06:14 PM PDT on Tuesday, April 14, 2009

By ERICA HEARTQUIST and RANDY NEVES, KGW Staff

PORTLAND -- We'll soon know more about the latest plans to change a Portland landmark.

Video: Memorial Coliseum options

Planners from the City of Portland will be gathering at a meeting Tuesday night to present draft site concepts and big plans are in the works for the old Memorial Coliseum.

One possibility is tearing down the coliseum. Planners said they want to create a project that will be busy and active even during the off-season. More possible changes include shopping and residential units.

Right now, not everyone is happy with the current options.

A group of architects was pushing to have the building placed on the National Register of Historic Places although it won't be eligible until it's been in place for 50 years. In 1954, voters approved an $8 million bond to construct the Memorial Coliseum. Construction was completed in 1960.

Why tear it down?

“Because the coliseum's essential structure and its bones and even its walls are in great shape,” architect Kristen Minor said.

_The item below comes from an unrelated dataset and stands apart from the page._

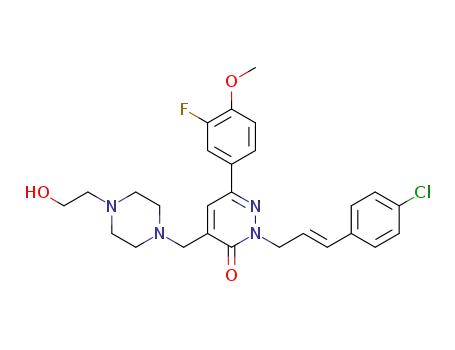 Molecular Structure of 639822-62-1 (3(2H)-Pyridazinone,2-[(2E)-3-(4-chlorophenyl)-2-propenyl]-6-(3-fluoro-4-methoxyphenyl)-4-[[4-(2-hydroxyethyl)-1-piperazinyl]methyl]-)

Minor sees an icon of modernism here with transparent glass walls blocked inappropriately in recent decades by black-out curtains.

The ahead-of-it's time design, however, is now mired in 2009 repair bills, says City Commissioner Randy Leonard.

“The coliseum is a nearly 50-year-old building that has 50-year-old plumbing, 50-year-old heating and ventilating system, 50-year-old roof. It is a in a state of disrepair.”

Leonard has no qualms about recommending the coliseum's deconstruction.

He brokered the deal to get major league soccer to Portland and, in the process, approved relocating minor league baseball to a new stadium where the coliseum now sits.

“First and foremost we have to have in that area something that's economically viable,” said Leonard.

“Let's have some alternatives on the table to just knocking down the coliseum,” said Minor.

Mayor Sam Adams disagrees.

He says enormous repair bills are pending so why bother slowing down the Rose Quarter redevelopment process over a building whose fate has been argued repeatedly for a decade.

“The debate about whether to use it as a big box store, to use it as an athletic center, whether to tear it down. I mean, that has been an active and ongoing debate,” he said.

The Portland Beavers will move into the new ball park to make way for major league soccer, which kicks off in 2011. PGE Park will be converted to a soccer only facility. The proposed baseball park will sit next to the Rose Garden.

The public will be able to weigh in on the project at a meeting Tuesday night. The meeting begins at 7 p.m. at the Left Bank building located at 240 North Broadway. Doors open at 6:30 p.m.